Lines from the entries below that hold "Clear" form the answer; copy all of them.
--- Records for this exercise ---
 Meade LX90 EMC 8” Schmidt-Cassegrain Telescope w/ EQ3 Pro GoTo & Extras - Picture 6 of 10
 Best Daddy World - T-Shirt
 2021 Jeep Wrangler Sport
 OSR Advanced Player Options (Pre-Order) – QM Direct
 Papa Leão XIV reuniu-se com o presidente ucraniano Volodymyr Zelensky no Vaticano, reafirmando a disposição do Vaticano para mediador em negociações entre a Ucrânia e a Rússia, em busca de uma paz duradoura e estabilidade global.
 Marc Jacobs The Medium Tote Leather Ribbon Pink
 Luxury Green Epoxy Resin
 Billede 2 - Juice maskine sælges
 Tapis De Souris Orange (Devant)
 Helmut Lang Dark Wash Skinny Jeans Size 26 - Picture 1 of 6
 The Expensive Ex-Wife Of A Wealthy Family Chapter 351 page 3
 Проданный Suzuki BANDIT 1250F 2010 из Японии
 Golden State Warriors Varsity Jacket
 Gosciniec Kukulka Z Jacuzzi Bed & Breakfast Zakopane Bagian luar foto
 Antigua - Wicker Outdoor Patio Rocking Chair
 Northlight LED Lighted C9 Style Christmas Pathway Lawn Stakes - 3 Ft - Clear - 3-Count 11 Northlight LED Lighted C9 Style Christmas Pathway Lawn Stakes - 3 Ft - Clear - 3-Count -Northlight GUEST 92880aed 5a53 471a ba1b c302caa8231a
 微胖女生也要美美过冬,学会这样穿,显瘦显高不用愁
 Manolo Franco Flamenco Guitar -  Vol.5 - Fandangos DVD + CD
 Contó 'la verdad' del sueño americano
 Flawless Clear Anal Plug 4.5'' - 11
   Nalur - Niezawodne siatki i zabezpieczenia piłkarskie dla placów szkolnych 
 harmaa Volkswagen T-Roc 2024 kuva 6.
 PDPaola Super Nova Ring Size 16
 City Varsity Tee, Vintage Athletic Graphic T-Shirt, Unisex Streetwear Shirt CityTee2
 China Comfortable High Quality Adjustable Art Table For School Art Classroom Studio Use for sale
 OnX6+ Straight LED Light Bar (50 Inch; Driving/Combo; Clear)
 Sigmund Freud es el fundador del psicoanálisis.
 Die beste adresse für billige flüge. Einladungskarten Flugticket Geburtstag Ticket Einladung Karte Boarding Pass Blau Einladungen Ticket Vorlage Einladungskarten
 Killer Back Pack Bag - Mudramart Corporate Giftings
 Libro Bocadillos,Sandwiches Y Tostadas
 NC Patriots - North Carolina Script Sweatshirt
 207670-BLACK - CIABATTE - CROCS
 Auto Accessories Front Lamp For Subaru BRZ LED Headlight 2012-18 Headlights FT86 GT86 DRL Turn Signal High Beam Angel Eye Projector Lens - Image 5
---
◆ **Exercise output**
 Northlight LED Lighted C9 Style Christmas Pathway Lawn Stakes - 3 Ft - Clear - 3-Count 11 Northlight LED Lighted C9 Style Christmas Pathway Lawn Stakes - 3 Ft - Clear - 3-Count -Northlight GUEST 92880aed 5a53 471a ba1b c302caa8231a
 Flawless Clear Anal Plug 4.5'' - 11
 OnX6+ Straight LED Light Bar (50 Inch; Driving/Combo; Clear)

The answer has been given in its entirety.